-------- STUDY MATERIAL

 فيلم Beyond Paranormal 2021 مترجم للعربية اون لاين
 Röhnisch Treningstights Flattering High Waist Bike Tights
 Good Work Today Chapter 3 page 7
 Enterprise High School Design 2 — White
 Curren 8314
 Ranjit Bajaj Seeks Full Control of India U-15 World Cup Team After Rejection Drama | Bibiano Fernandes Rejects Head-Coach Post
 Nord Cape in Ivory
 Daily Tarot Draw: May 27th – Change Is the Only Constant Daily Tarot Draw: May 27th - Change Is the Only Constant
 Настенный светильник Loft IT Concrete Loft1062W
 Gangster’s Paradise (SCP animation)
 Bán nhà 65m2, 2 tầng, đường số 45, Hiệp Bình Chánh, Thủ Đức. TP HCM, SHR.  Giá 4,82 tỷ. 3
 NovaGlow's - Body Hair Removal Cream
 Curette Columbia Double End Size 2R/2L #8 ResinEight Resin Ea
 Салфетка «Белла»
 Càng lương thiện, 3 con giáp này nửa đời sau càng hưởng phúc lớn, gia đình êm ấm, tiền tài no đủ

----------------

PROBLEM DETAILS
Find how many lines in the material above contain "High", and answer with that number only.

ANSWER SPACE
2